Your instructions:
Copy exactly the lines of the material below that run from the one containing "[عکس: charcoal-mask-benefits-2.jpg]" through the one containing "Casa para alugar com 25m², 1 quarto e sem vaga Casa". Copy no other lines.

Data in this exercise:

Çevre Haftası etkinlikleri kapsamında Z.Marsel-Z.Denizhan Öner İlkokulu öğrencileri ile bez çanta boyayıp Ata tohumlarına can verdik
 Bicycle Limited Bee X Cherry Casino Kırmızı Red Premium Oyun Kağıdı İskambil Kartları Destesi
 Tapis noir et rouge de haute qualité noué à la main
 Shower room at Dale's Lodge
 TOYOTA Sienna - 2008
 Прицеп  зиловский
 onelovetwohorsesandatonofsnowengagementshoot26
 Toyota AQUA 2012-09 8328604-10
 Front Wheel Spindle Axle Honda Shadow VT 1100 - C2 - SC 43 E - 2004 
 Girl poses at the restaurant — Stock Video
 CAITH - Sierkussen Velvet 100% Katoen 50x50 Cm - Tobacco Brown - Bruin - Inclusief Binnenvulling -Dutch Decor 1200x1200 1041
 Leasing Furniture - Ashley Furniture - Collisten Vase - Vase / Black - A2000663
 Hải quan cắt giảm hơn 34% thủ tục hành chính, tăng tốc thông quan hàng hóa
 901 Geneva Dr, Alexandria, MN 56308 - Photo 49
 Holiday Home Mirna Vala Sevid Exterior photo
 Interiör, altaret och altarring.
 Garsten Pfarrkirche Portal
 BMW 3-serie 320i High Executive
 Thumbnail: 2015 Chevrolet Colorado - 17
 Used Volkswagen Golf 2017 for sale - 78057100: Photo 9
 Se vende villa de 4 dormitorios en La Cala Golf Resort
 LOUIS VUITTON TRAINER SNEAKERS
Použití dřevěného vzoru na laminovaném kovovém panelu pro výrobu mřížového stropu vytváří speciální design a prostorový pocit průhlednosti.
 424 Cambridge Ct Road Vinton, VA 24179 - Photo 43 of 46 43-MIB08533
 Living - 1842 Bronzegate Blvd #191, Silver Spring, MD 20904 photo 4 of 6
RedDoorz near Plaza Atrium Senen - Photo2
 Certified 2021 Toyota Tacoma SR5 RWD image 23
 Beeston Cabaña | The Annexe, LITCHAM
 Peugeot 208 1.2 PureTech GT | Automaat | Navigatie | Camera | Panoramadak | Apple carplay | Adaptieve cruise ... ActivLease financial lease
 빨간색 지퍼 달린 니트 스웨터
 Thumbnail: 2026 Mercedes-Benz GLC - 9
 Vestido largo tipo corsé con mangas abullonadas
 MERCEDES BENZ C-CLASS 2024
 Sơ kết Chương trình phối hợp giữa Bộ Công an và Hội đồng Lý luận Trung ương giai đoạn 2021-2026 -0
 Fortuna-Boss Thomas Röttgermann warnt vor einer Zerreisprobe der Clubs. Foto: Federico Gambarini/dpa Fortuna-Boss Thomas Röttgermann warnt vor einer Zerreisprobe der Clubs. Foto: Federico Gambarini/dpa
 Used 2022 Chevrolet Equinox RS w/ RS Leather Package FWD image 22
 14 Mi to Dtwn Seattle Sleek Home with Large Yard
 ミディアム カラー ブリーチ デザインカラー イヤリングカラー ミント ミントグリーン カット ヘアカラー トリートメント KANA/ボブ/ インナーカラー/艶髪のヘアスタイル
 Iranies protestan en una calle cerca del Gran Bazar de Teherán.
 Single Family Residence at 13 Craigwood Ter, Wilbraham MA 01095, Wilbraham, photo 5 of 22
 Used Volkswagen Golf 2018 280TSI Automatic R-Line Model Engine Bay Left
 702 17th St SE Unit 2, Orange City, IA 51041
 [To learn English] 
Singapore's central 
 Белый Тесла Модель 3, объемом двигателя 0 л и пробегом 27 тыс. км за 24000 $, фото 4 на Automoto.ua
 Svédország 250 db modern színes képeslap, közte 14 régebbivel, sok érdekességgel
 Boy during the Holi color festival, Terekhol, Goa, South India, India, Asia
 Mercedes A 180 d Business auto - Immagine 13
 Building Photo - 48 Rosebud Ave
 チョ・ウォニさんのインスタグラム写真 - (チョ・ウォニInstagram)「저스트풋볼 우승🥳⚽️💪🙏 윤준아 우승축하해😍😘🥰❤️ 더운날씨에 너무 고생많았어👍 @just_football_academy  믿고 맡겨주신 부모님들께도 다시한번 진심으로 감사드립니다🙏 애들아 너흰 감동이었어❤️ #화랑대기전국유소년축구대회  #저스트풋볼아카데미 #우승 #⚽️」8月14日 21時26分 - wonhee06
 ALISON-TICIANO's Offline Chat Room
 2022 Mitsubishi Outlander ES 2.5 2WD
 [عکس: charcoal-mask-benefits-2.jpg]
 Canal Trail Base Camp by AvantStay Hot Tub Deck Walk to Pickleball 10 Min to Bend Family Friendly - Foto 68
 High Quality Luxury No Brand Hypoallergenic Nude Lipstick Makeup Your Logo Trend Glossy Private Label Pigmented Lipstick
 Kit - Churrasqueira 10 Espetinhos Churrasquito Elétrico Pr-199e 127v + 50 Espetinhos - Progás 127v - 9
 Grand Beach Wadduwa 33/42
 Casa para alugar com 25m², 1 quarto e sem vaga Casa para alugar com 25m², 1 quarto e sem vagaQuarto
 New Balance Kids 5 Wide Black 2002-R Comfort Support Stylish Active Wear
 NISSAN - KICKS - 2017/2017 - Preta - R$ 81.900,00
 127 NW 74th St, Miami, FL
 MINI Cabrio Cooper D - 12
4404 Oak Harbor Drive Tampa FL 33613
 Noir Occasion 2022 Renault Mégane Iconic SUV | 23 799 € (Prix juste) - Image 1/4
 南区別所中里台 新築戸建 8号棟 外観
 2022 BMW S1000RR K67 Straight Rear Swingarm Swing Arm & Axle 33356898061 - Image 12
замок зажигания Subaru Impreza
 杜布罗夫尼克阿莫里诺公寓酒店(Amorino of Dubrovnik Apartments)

Result:
 [عکس: charcoal-mask-benefits-2.jpg]
 Canal Trail Base Camp by AvantStay Hot Tub Deck Walk to Pickleball 10 Min to Bend Family Friendly - Foto 68
 High Quality Luxury No Brand Hypoallergenic Nude Lipstick Makeup Your Logo Trend Glossy Private Label Pigmented Lipstick
 Kit - Churrasqueira 10 Espetinhos Churrasquito Elétrico Pr-199e 127v + 50 Espetinhos - Progás 127v - 9
 Grand Beach Wadduwa 33/42
 Casa para alugar com 25m², 1 quarto e sem vaga Casa para alugar com 25m², 1 quarto e sem vagaQuarto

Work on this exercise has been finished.